START Provided data
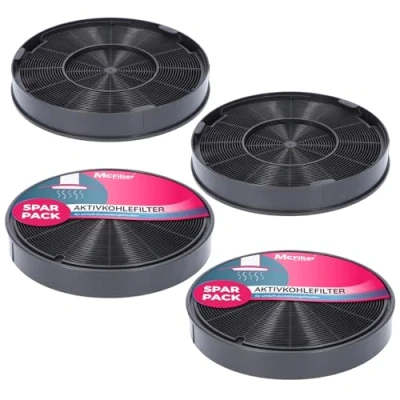 Image de 4x filtres à charbon actif Ø 200 mm, EFF62, Ensemble de 4 pour hottes aspirantes convient Franke 112.0016.755, AEG 9029793578, Bosch/Siemens 00748732, Miele 6532971 filtre hotte aspirante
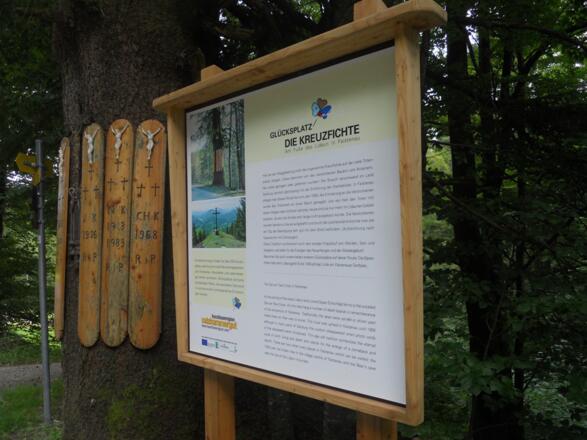 Die Schautafel erklärt die Geschichte von der Kreuzfichte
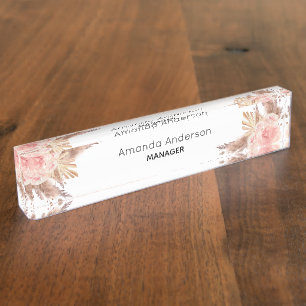 Pampas grass blush pink floral monogram desk name plate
END Provided data
» Description of the task: Return the listing exactly as it appears, excluding any image.

» Your response:
 Image de 4x filtres à charbon actif Ø 200 mm, EFF62, Ensemble de 4 pour hottes aspirantes convient Franke 112.0016.755, AEG 9029793578, Bosch/Siemens 00748732, Miele 6532971 filtre hotte aspirante
 Die Schautafel erklärt die Geschichte von der Kreuzfichte
 Pampas grass blush pink floral monogram desk name plate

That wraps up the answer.